Seung Yul Oh

MOAMOA

23 November 2013 - 27 April 2014

This is the first major survey exhibition of the Korean-New Zealand artist Seung Yul Oh. After spending his formative years in South Korea (b. 1981, Seoul), Oh has now spent as much time in New Zealand, where he has come to dedicate his time to studying, developing his practice and becoming an artist of significant repute. Although he is still relatively young Oh has already produced a considerable body of work and received a level of critical acclaim, which makes this exhibition both timely and important.  

This exhibition spreads out and occupies close to a dozen spaces, from the most intimate video booth to a mesmerizing response to the Big Wall, and yet it has a conceptual, aesthetic and convivial thread that binds everything together.

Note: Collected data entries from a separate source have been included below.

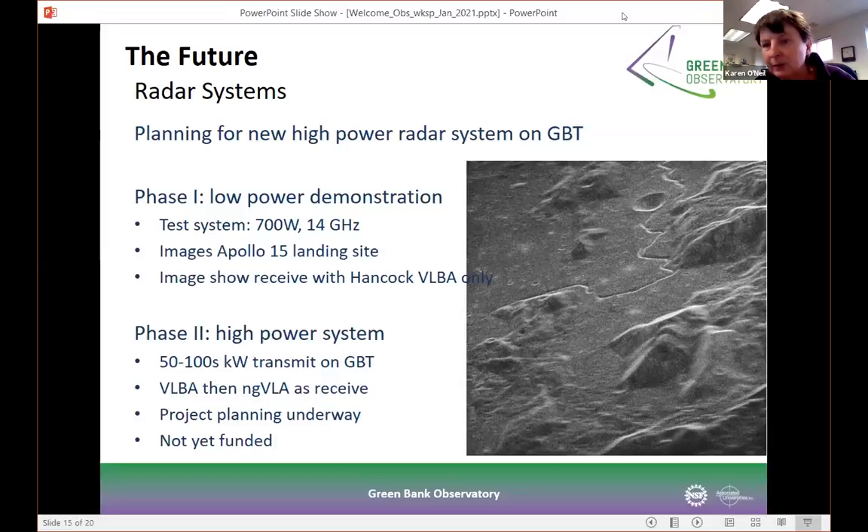While funding isn't yet secured, we're very excited about expanding our radio cameras. The big push has been for the Argus 144 instrument. We currently have a 16-pixel receiver on the GBT covering roughly 85 to 116 gigahertz — that was a prototype — and we'd like to expand it to a full 100-to-144-pixel instrument. The science is absolutely amazing: 8 arc-second resolution across a 4x4 arc-minute region of sky very quickly. We applied to the NSF MSIP program but were not accepted. We're continuing to work with the community to refine the science case and hope funding will become available before too long.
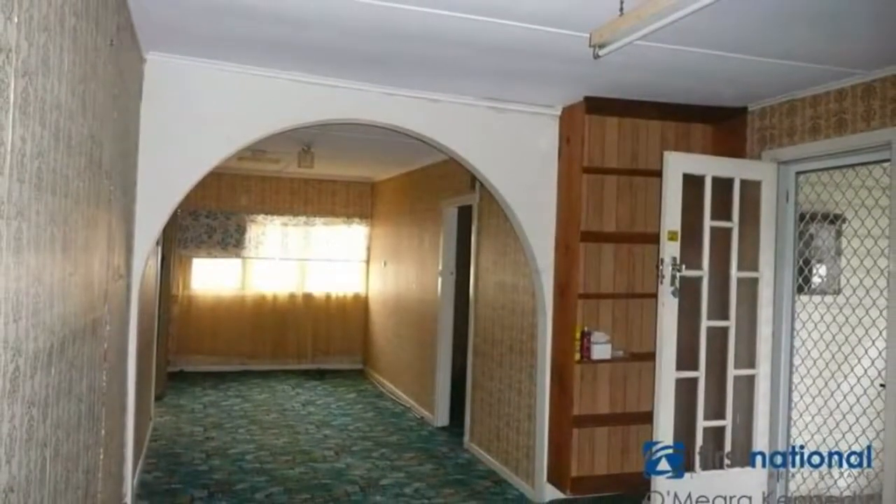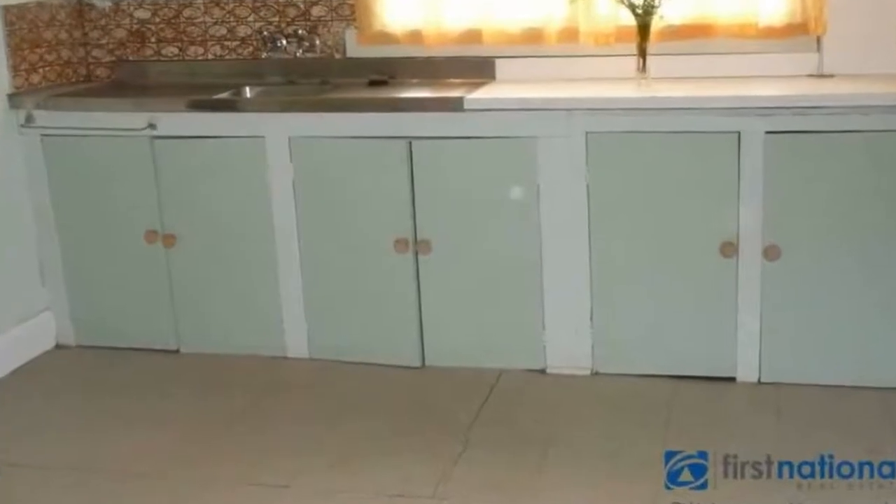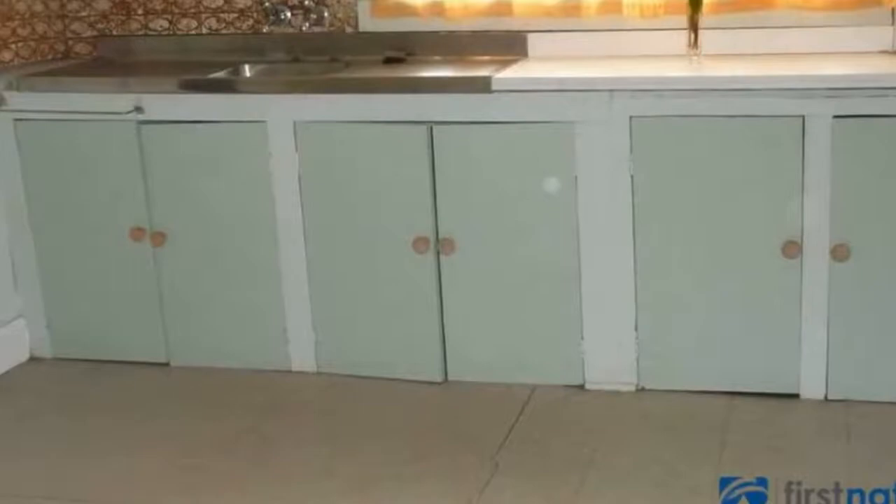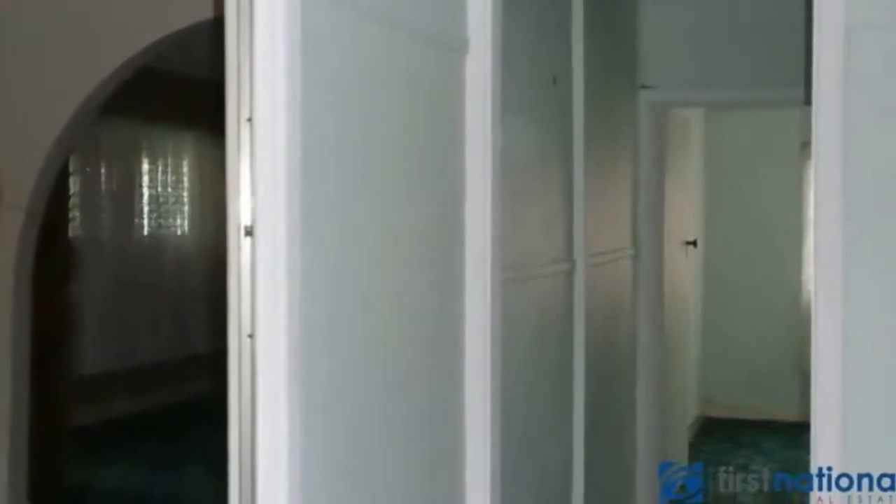The weatherboard home is a new restoration and has three bedrooms, an enclosed front porch, and a single garage shed, completing a very supportable package.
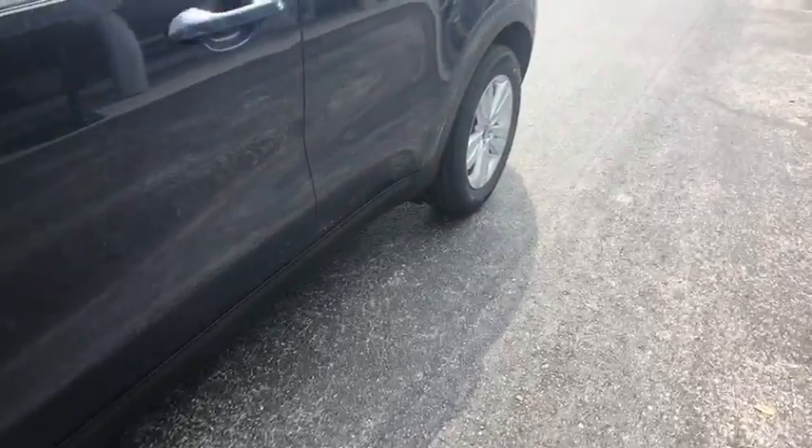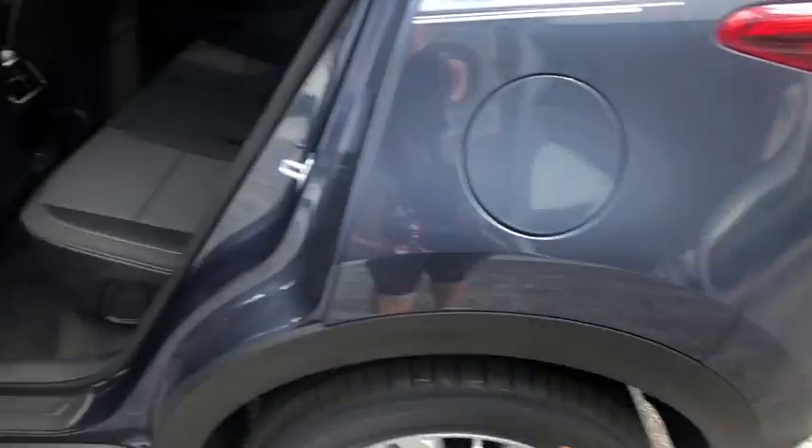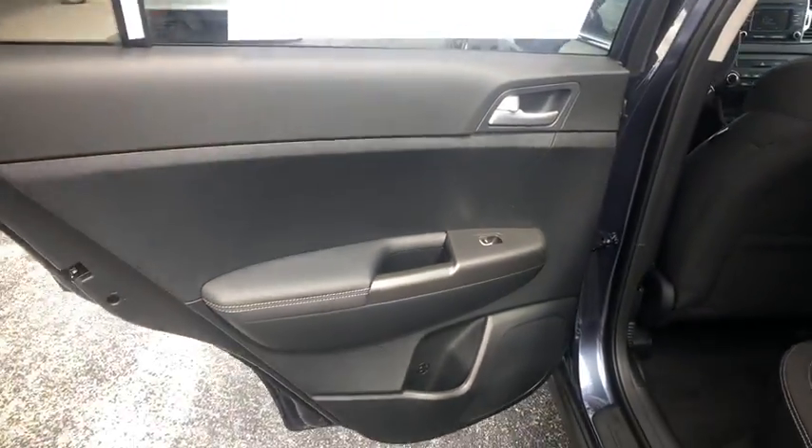Tachometer, overhead console, panic alarm, remote keyless entry, cloth seat trim, driver vanity mirror, front bucket seats, front reading lamps.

MOAMOA, Korean for ‘gather gather’ or ‘gather together’, is an exhibition strongly shaped by the nature of Oh’s practice, especially its persistent sense of rejuvenation in which nothing is allowed to simply sit still or be quiet. While the focus of this survey is largely based around Oh’s sculptural work of the last decade, his interest in painting, performance and video are ever present. 

From its inception, this exhibition has been an opportunity to look back at and through the rich body of the artist’s work and also a chance for him to produce a new set of works in response to this situation. However, it could be argued that all of the works in MOAMOA are new. Few of the earlier pieces arrive in their original form, and have been remade, had parts refabricated, or their presentation reconsidered. The chicken and the egg recur as subjects in Oh’s practice, but also serves to raise questions around where his works start and end. Much of the energy of this exhibition comes from the new meanings and possibilities made possible by gathering everything together for the first time, in what is the largest amassing of Oh’s work in a single exhibition.

Whether making a solitary work, an installation or an exhibition, Oh always stages an experience or a series of situations for his audience to navigate, meditate on and get lost in. There is a form of mobilisation between the artwork and audience that is as much about contemplation as it is around social interaction, Oh’s world has a lightness of being and visual tranquillity that belies the complex conditions that he sets up and the formalities that he breaks down. On the surface, Oh creates work that audiences want to interact with and speculate about. Beyond this he develops spaces which elicit highly charged and memorable moments, where one’s senses are confounded, and the relationship between the art and other gallery goers is in a constant state of flux.

 

Curated by Aaron Kreisler and Aaron Lister, this is a partnership exhibition  between the Dunedin Public Art Gallery and City Gallery, Wellington.